Most people today would feel uncomfortable with that form of swift personal evolution, as well as how fast you can bond or re-bond with someone. You will learn that we have exiled this from our culture. I dare say most people would find that terrifying. It's terrifying to feel that alive.
My postcard-writing adventures started, I think, in the Fall of 2004 durnig a cross country road trip, and then picked up in the greatest intensity in the Fall of 2008, during my Great Road Trip Eastward during thte Presidential Election, at which time it became a mania. Going up the Ohio River from mouth to the forks, I stopped half a dozen times a day looking for postcards in the most obscure of places, and always attempted to buy stamps at the tiniest post offices in towns where the post office---and maybe a Methodist or Baptist Church---were the only things to indicate a town was there. Going into these post offices---which gave the excuse to stop my car and plant my feet on the ground in so many little places---was one of the most exquisite stretches of travel I've ever experienced, especially on a solo road trip. I purposely bought only a few stamps at a time, so I would have to stop and buy more. I often wrote the cards in the evening by lantern light in my campground, which was always not far from the river. As I wet upstream I felt like I was drilling down into the spiritual historical core of the nation.
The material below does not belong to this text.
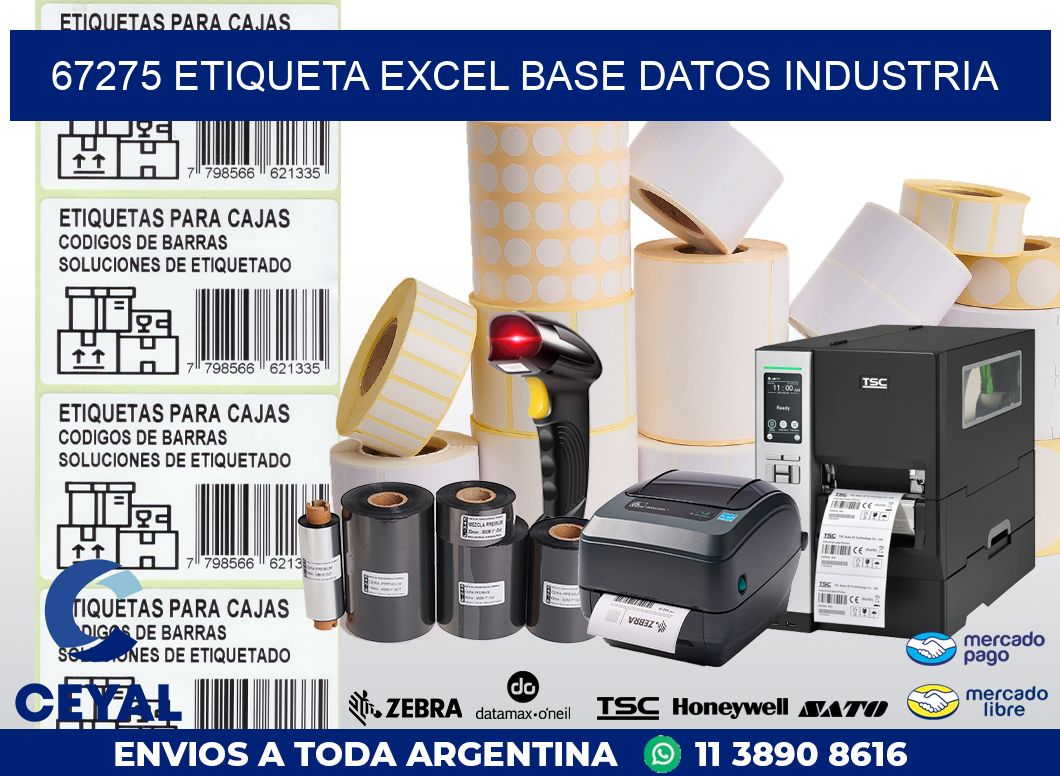 67275 etiqueta excel base datos industria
Sending that many postcards per day required having an expansive list of people to which I could send postcards. I wanted to include as many people as possible. I thought it might be like a little gift to them, to receive such a thing in the mail. It felt like everyday was Valentine's Day, the third grade version.
At the time I thought of myself as Me vs. Facebook. I could see Facebook was swallowing up the last remaining human-level of communication between friends and family. "Postcards are my Facebook," I told my sister, when I reached her place outside Boston in early November just a few days before the election.
Of course I broke down at one point and made a Facebook account. I felt I needed to understand it. I decided to "go under" in the Nietzschean sense, even though I knew it would be like descending into Hell. That was 2009, and indeed Facebook was Hell, but I got what I wanted, which was to understand how it was destroying society. I went insane doing it, but gosh I learned. What did I learn? Good question. Thankfully I deactivated in 2016 before the first Trump election and haven't looked back.
I hardly send many postcards anymore. My list of recipients is smaller. I would send more and to more people, but it feels awkward now---handwritten mail is too personal maybe. But if I do have a friend who is up to receiving my postcards, they will get them at every stop. I've even mused at tapping into my expansive collection of unsent cards I've accumulated over the years. I am prepared to rebuild civilization that way if necessary.